◆ **Directions**: These records contain pictures, which must be left out; copy exactly the lines from the one with "Mercato : Le" up to and including the one with "Precioso estudio con".

=== The data ===

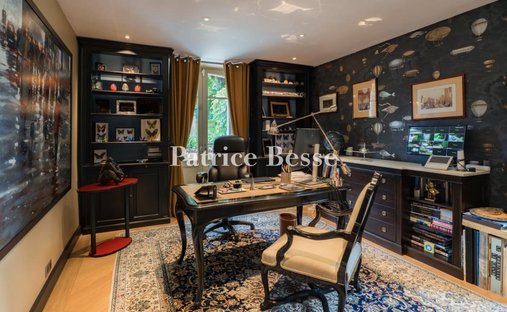 Castle for Sale in Voulx, Île-de-France, France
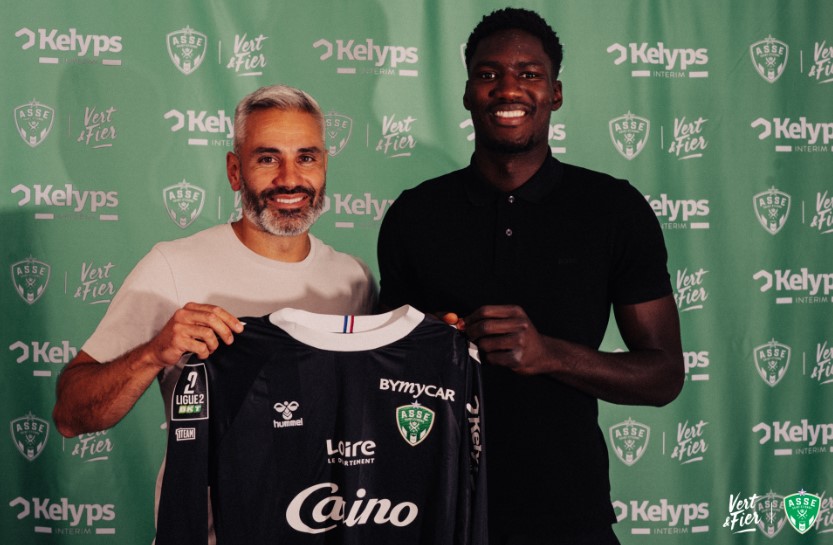 Mercato : Le gardien sénégalais Mamour Ndiaye s’engage officiellement avec l’AS Saint-Étienne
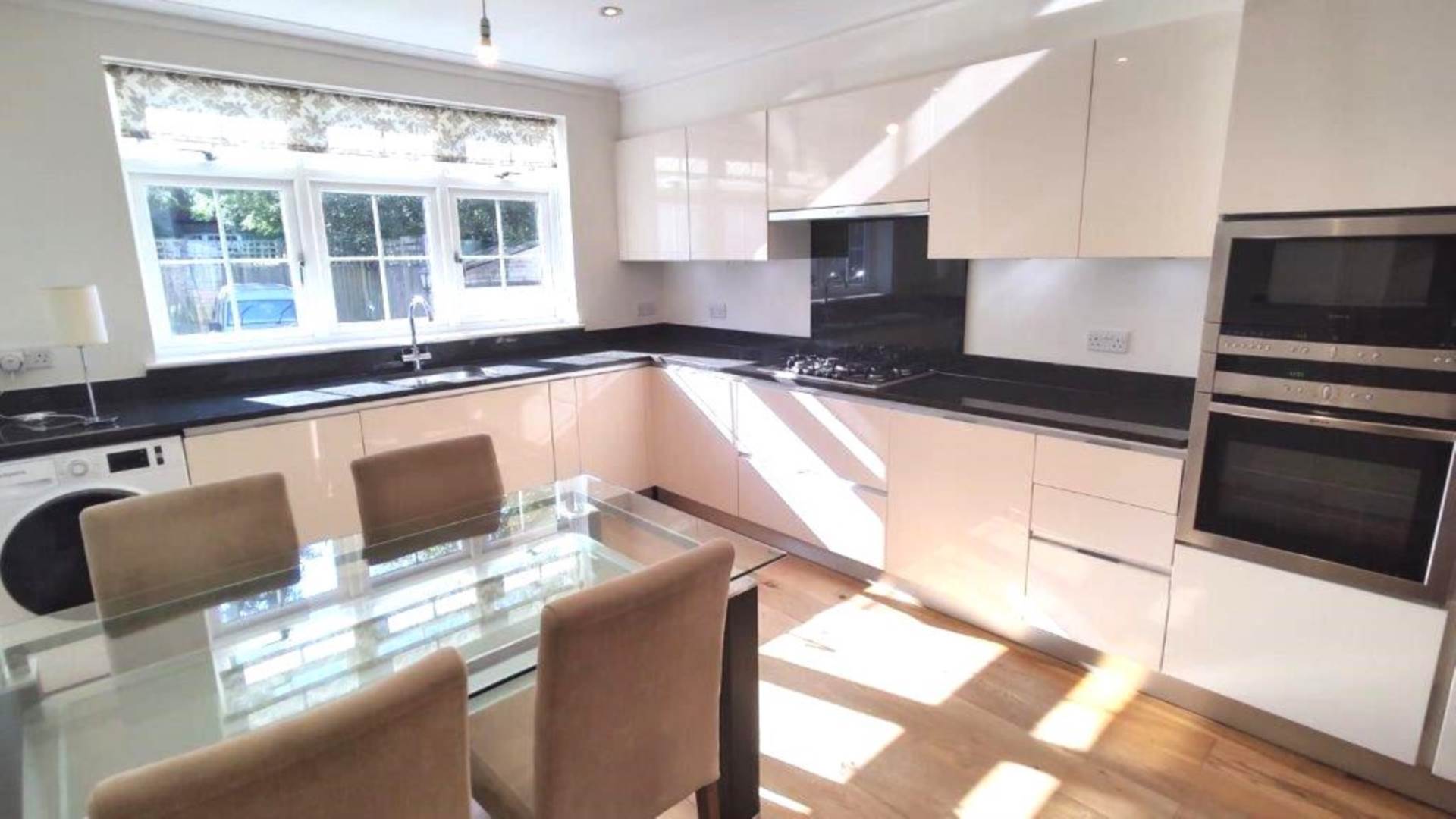 London N12 8BF 4 bed end terrace rental property internal/external image-3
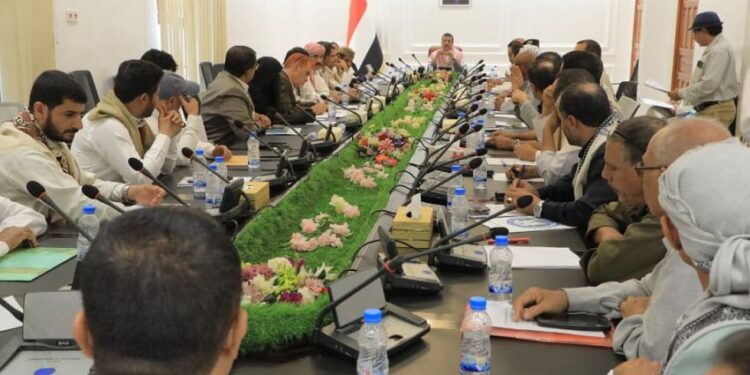 السلطات المحلية والمكونات السياسية تدعم القوات المسلحة في معركة الوطن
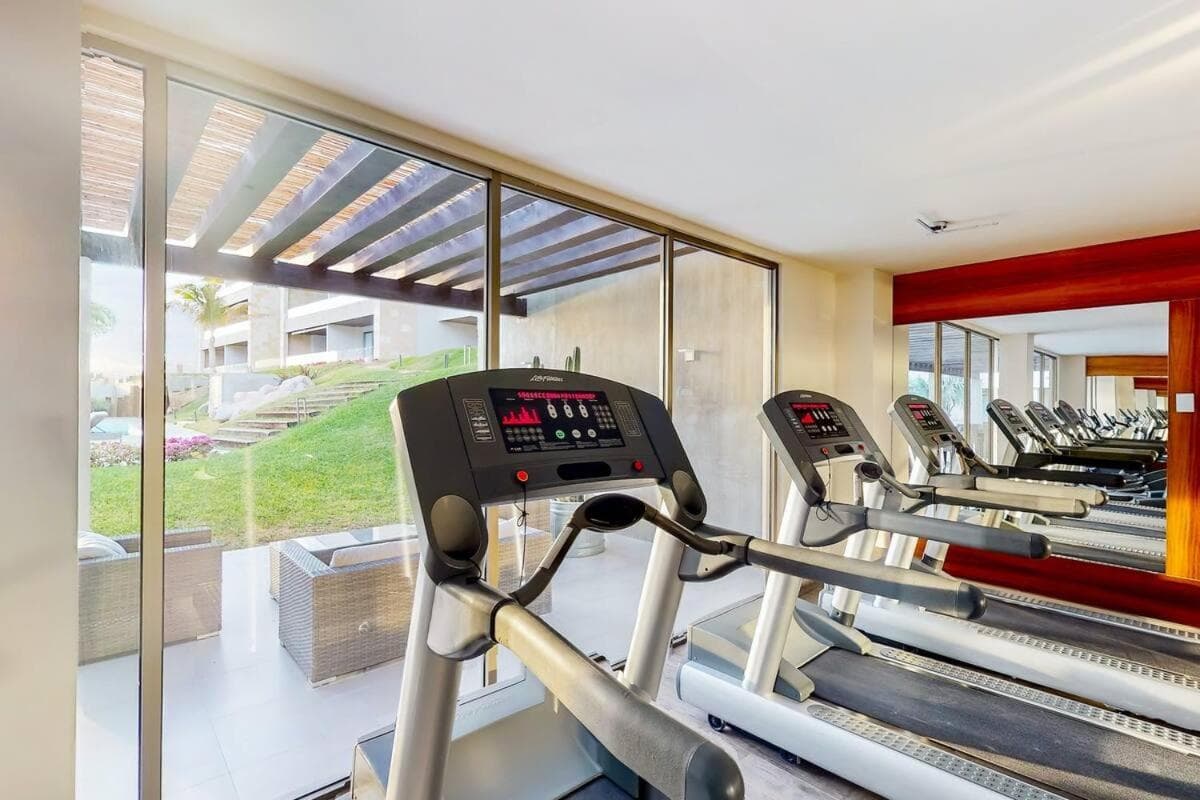 Precioso estudio con balcón, gran ubicación en Cabo San Lucas - Estacionamiento gratis — 15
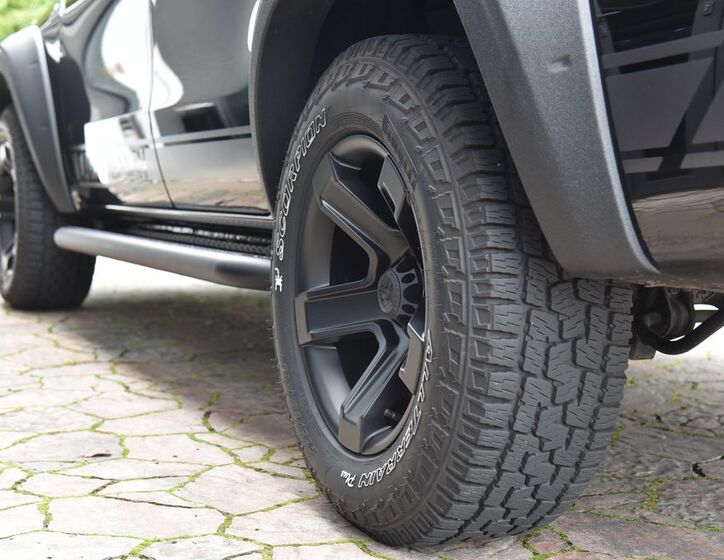 Mercedes-Benz Třídy X 11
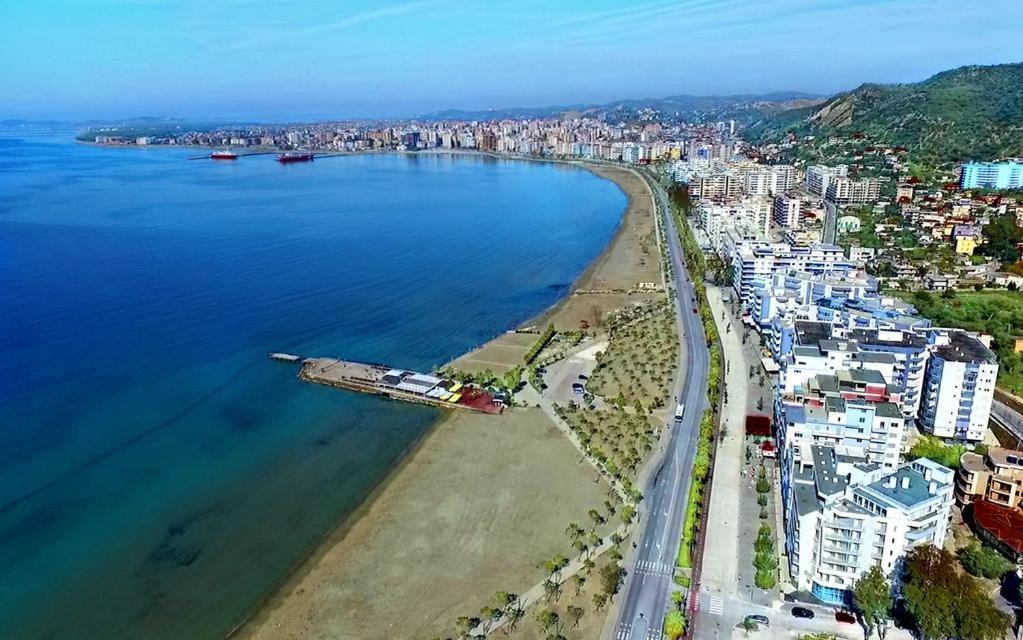 Jordan'S Hotel Vlorë Exteriör bild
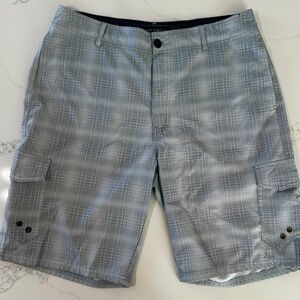 Ocean Current Gray Shorts Size 33 Waist Men’s Casual Summer Shorts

===

◆ **Answer below**:
 Mercato : Le gardien sénégalais Mamour Ndiaye s’engage officiellement avec l’AS Saint-Étienne
 London N12 8BF 4 bed end terrace rental property internal/external image-3
 السلطات المحلية والمكونات السياسية تدعم القوات المسلحة في معركة الوطن
 Precioso estudio con balcón, gran ubicación en Cabo San Lucas - Estacionamiento gratis — 15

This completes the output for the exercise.